### Exercise objective
Will you write out, word for word, every line from the one with "Close-up back view" to the final line of the data below, with the pictures left out?

### Given data

···

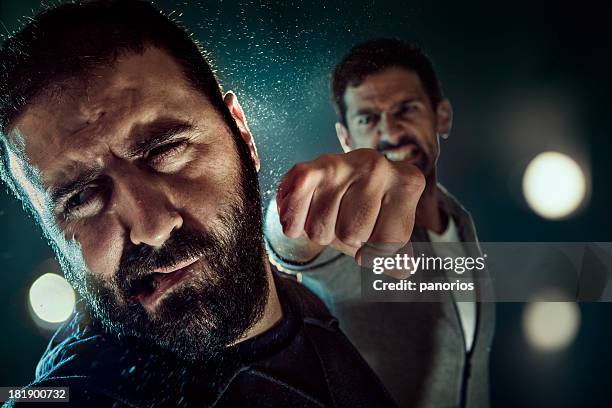 punching - fighting stock pictures, royalty-free photos & images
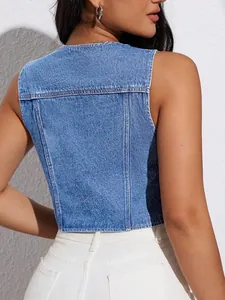 Close-up back view of a cropped blue denim vest on a model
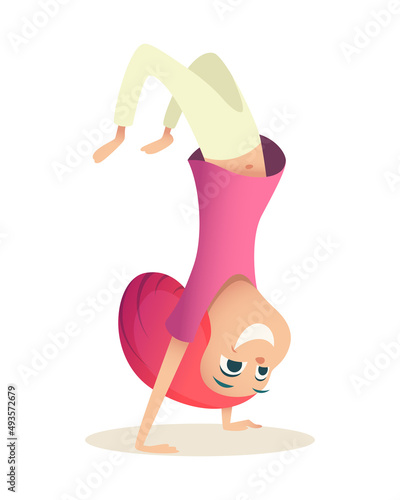 Girl has fun and stands on her hands. Child with red hair doing capoeira and smiling, side view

···

### Exercise solution
 Close-up back view of a cropped blue denim vest on a model
 Girl has fun and stands on her hands. Child with red hair doing capoeira and smiling, side view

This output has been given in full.